Three parts to our distress

Our psychological distress is composed of at least three elements: the basic pain of feelings that seem overwhelming; the contracting of body and mind to avoid feeling this pain; and the stress of continually having to prop up and defend an identity based on this avoidance and denial. One of the main ways we try and hold our identity together is by developing an elaborate web of rationalizations – stories about the way we are or reality is – to justify our denial and avoidance.

John Welwood, Toward A Psychology of Awakening

Holding everything lightly

We should always remember that meditation is the cultivation and practice of nonattachment….Mindfulness is nothing but the middle way. It is neither an intense practice, nor can it be done without effort. It must be done with balance. Properly done, it is neither detached pushing away nor egoistic clinging. Be very careful about sitting down with ideas like, “I am sitting, I am watching, I am breathing, I am meditating, I am this, that is mine”.

Buddhadasa Bhikku

Our words cannot fully contain reality

Words stand between silence and silence:between the silence of things and the silence of our own being. When we have really met and known the world in silence, words do not separate us from the world nor from other men, nor from God, nor from ourselves,  because we no longer trust entirely in language to contain reality.

Thomas Merton

A way to restore balance

To live well, we need to be able to see what’s happening, in us and around us. We also need to know how not to get impulsively drawn into unskillful, reactive patterns of behavior that don’t serve us or those around us well. Mindfulness offers us a way of paying attention to what’s actually going on, to know what’s happening at an experiential level. And that is something that we tend not to train ourselves in these days — instead our education system, our workplaces, our media, our governments, all tend to train us in creating and valuing concepts or products — we get stuck at a head level and a doing level, driven by thinking and activity. There’s nothing wrong with ideas or products, but there’s an imbalance in our culture whereby a more intuitive knowledge is ignored, or just not cultivated, and it is this kind of intuitive awareness that mindfulness practice can help us to unlock. So mindfulness could be a way for us to restore balance — to help us recalibrate in a way that enables us to connect with our deepest, most heartfelt values and to act in accordance with them more often. That in turn, could lead to us living happier, healthier lives in a happier, healthier world.
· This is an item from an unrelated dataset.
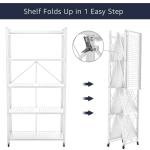 Lifetime Home 5-Tier Foldable Storage Shelf with Wheels - Metal Rack Collapsible Shelving Unit Display, Rolling Cart for Books Kitchen Storage Shelves, Pantry & Closet Organizer, Office Room Decor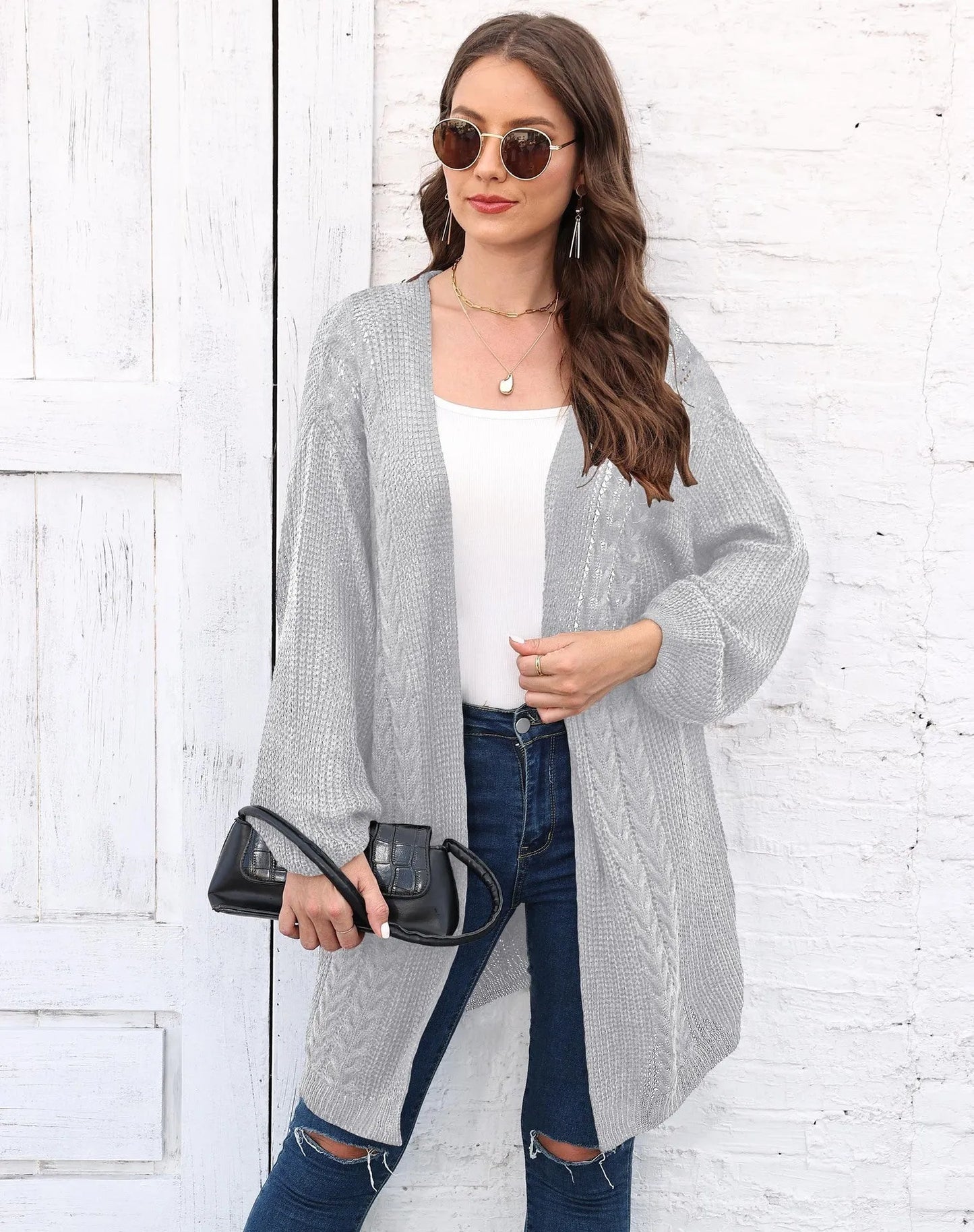 Women's loose acrylic sweater coat in free size showing Army Green colour option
Ed Haliwell, author of The Mindfulness Manifesteto, Interview in Tricycle Magazine

Letting go of arbitrary goals

As long as our orientation is toward perfection or success, we will never learn about unconditional friendship with ourselves, nor will we find compassion. We will just continue to buy into our old mindsets of right and wrong, becoming more solid and closed to life. ….We practice letting go of our idea of a “goal” and letting go of our concept of “progress,” because right there, in that process of letting go, is where our hearts open and soften — over and over again.

Pema Chodron

Having and being enough, today

We each have the choice in any setting to step back and let go of the mind-set of scarcity. Once we let go of scarcity, we discover the surprising truth of sufficiency. By sufficiency, I don’t mean a quantity of anything. Sufficiency isn’t two steps up from poverty or one step short of abundance. It isn’t a measure of barely enough or more than enough. Sufficiency isn’t an amount at all. It is an experience, a context we generate, a declaration, a knowing that there is enough, and that we are enough.